Announcing a new book from ISGS President Emeline Jouve, Just published in France by Deuxième Époque (and soon to be translated into English). A Century of the Avant-Garde: Essays on U.S. Theatre plunges the reader into a century of New York’s experimental creations, explored through the lens of the avant-garde. Until now, the concept of the avant-garde has been restricted to American theatrical forms born after the end of World War II. Such a chronological constraint overlooks the aesthetically innovative and politically subversive works that existed well before the 1950s and those that emerged after the 1970s. This study goes beyond the concept of the “historical avant-garde” in order to examine the creation of iconoclastic works that could, more generally, be understood as part of an ongoing experimental vanguard.
Three waves of avant-garde work are identified and discussed. The first corresponds to the birth of a national U.S. theatre during the period 1910-1940. The second wave tracks the post-war phenomenon that lasts through the 1970s.

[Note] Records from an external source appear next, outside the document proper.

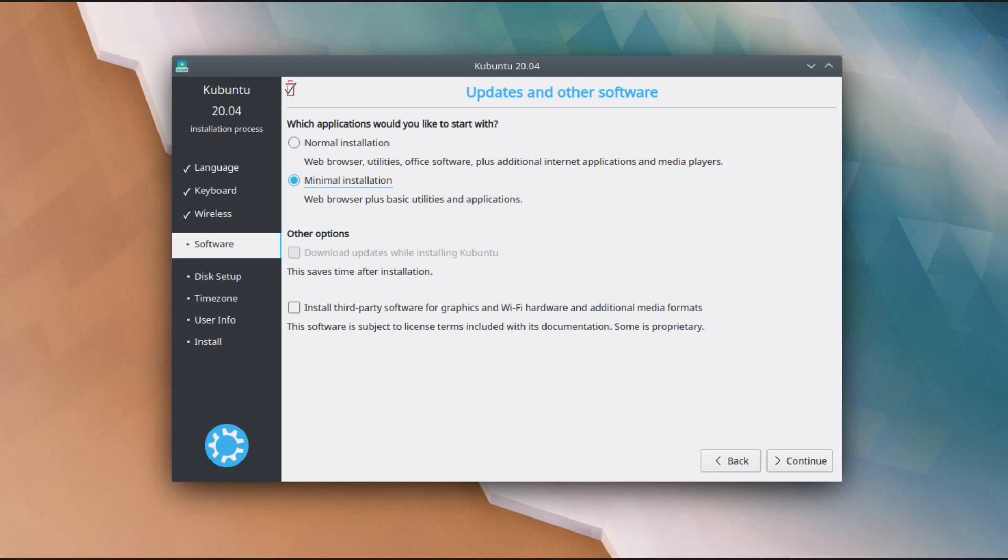The Ubuntu installer offers a choice between normal and minimal installation, but what is the difference between them?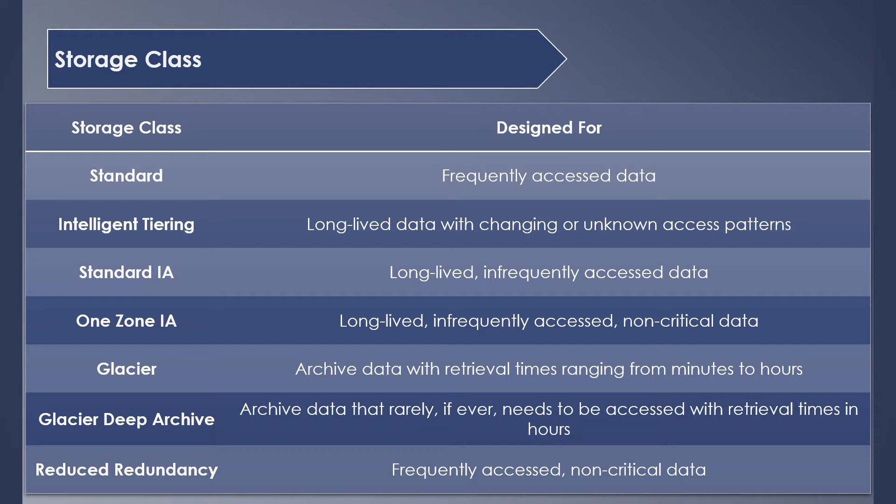Glacier is for storing archive data and the retrieval times range from minutes to hours. Glacier Deep Archive is also used to store archive data, but the retrieval times will always be in hours in this case. So it can be used for data which are rarely accessed.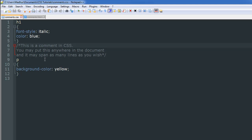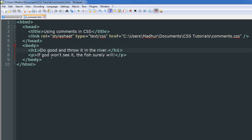The comment can appear anywhere in your CSS document. The browser is not going to make any sense out of it, so it's just going to leave it as is and process your CSS code normally. I also have an HTML file which I'm going to use to show you that the browser doesn't interfere with your comment.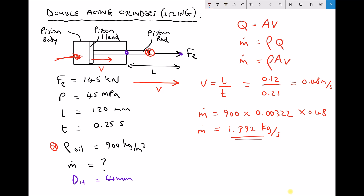Every single second, 1.392 kilograms of oil needs to flow into the back of our cylinder in order for it to extend with a velocity of 0.48 meters per second. This information is important because pumps are often sized based on the volume flow rate or mass flow rate of oil they can deliver. By determining our system requirements, we can select components that fulfill those requirements — we've calculated the cylinder size for our force requirement and the mass flow rate to select a suitable pump for the application.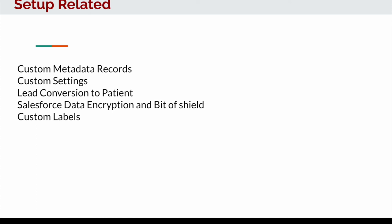Custom labels are also important — a lot of components like the patient card can be configured through custom labels, which also enables multilingual support.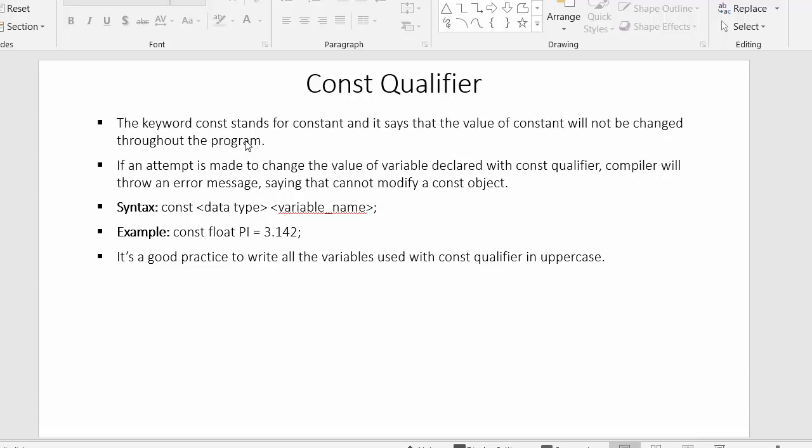The difference between a normal variable and a const variable is that the value of a normal variable can keep changing throughout the execution of the program, but the value of a variable declared as const cannot be changed. Once you initialize a value to a const variable, that value must remain the same throughout the program.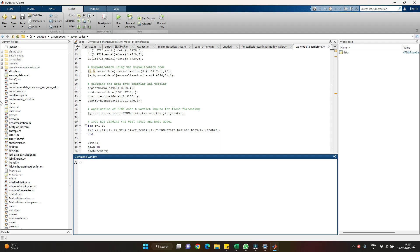Hello everyone, welcome back to the channel. In the previous video we covered the concept of wavelets, how to prepare the data, and a small example of how to develop a wavelet neural network model. If you haven't seen those videos, you can find the links in the description. In this video we'll see how to use the wavelet concept with multi-variable input for predicting tomorrow's discharge, and compare results with a simple rainfall-runoff model.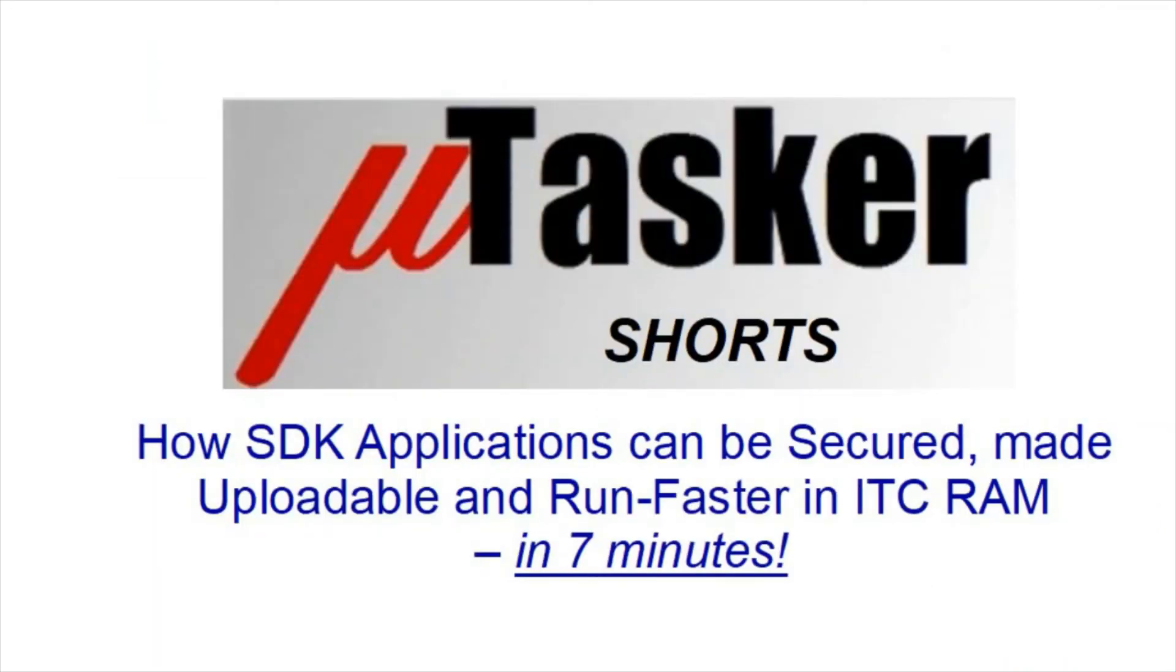Many thanks for watching this video which has shown how we can take existing applications, secure them and make them uploadable with the Microtasker bootloader so that they can run at optimum speeds directly in ITC RAM.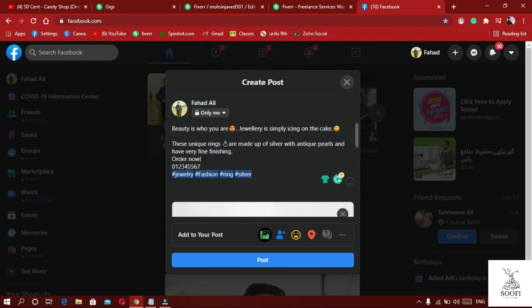After the description, we have added 'Order Now' as the call to action. We have told the audience that if they like it, they can order. I wrote a random phone number as a placeholder for your contact details. You can also link additional information in the description. Then we have added hashtags - using keywords like jewelry, silver ring, antique - a minimum of 4 relevant hashtag variations for the product.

The third wave, which sprang to life after the 70s, continues to shake the theatrical scene until the 2010s.
In addition to redefining the avant-garde in order to grasp the experimental impulse that created stunning theatre in the margins of conventional work, A Century of the Avant-Garde proposes a condensed survey of the history of American theatre by contextualizing the avant-gardist waves and examining the aesthetic, political and economic characteristics of each period.